Listed records:
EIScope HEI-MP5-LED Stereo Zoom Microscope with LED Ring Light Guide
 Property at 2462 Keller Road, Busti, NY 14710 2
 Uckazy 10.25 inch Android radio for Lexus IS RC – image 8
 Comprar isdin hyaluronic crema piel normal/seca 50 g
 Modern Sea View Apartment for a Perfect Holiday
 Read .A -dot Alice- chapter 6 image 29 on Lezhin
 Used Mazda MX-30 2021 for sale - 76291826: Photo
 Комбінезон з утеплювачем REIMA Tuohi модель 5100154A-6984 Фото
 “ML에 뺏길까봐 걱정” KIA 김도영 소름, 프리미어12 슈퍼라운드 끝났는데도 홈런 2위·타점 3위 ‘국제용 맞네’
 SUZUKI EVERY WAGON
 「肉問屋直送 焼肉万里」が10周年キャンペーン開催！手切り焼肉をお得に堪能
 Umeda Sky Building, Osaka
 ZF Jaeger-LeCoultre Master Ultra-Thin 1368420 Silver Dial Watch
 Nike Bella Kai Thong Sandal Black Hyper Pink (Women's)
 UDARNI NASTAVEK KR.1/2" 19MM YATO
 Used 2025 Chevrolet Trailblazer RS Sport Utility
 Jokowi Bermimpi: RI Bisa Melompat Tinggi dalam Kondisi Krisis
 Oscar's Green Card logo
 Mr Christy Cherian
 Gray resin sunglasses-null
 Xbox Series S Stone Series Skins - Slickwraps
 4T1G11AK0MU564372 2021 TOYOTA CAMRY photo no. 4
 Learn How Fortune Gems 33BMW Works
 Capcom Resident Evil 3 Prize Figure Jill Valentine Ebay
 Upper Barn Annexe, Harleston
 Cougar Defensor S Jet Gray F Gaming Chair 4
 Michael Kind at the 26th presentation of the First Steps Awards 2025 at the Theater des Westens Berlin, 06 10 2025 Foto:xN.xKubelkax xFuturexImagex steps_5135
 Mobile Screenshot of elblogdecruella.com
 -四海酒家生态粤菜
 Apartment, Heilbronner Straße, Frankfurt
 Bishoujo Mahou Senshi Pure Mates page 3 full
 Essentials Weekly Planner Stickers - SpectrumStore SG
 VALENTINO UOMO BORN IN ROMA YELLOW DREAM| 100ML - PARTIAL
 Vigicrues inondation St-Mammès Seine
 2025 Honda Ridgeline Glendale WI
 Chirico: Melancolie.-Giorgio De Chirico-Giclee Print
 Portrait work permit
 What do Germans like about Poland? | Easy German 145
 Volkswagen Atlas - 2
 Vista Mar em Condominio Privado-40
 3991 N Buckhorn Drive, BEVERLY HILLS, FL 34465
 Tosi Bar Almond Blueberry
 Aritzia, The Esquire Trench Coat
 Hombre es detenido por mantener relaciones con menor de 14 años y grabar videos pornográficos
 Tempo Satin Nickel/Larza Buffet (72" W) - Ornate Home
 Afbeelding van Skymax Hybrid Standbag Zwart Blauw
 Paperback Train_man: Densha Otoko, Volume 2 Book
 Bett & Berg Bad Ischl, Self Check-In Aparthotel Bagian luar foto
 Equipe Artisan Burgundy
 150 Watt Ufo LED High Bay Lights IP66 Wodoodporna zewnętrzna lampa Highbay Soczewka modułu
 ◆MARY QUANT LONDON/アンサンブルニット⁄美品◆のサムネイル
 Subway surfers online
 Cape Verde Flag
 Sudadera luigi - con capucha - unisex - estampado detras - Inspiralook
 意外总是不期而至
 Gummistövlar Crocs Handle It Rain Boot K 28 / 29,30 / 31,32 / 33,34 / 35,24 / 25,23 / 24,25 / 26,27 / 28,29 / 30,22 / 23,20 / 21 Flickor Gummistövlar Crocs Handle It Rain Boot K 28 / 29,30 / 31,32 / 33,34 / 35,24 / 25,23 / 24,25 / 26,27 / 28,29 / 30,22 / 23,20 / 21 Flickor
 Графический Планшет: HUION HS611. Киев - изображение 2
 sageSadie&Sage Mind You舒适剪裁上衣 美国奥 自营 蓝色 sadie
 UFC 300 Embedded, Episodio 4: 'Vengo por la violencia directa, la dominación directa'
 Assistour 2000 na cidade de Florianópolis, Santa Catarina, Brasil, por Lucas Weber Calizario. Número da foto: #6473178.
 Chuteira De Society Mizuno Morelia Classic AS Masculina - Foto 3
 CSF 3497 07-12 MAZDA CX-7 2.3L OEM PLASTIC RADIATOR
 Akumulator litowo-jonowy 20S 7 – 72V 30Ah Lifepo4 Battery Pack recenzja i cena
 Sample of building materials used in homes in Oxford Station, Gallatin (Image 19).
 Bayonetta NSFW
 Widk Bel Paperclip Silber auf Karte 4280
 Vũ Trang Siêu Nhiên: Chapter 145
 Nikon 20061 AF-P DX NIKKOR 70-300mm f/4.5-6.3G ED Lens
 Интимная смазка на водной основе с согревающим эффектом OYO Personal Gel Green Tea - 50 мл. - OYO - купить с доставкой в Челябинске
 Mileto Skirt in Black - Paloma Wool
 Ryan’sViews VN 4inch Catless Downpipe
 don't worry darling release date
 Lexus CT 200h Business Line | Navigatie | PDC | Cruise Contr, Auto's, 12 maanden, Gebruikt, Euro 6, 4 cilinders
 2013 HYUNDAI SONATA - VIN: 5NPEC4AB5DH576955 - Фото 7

Your task:
Looking at the data above, write out exactly the lines that start at the one containing "Nike Bella Kai" and end at the one containing "Xbox Series S"; include both and nothing beyond.

Solution to this exercise:
 Nike Bella Kai Thong Sandal Black Hyper Pink (Women's)
 UDARNI NASTAVEK KR.1/2" 19MM YATO
 Used 2025 Chevrolet Trailblazer RS Sport Utility
 Jokowi Bermimpi: RI Bisa Melompat Tinggi dalam Kondisi Krisis
 Oscar's Green Card logo
 Mr Christy Cherian
 Gray resin sunglasses-null
 Xbox Series S Stone Series Skins - Slickwraps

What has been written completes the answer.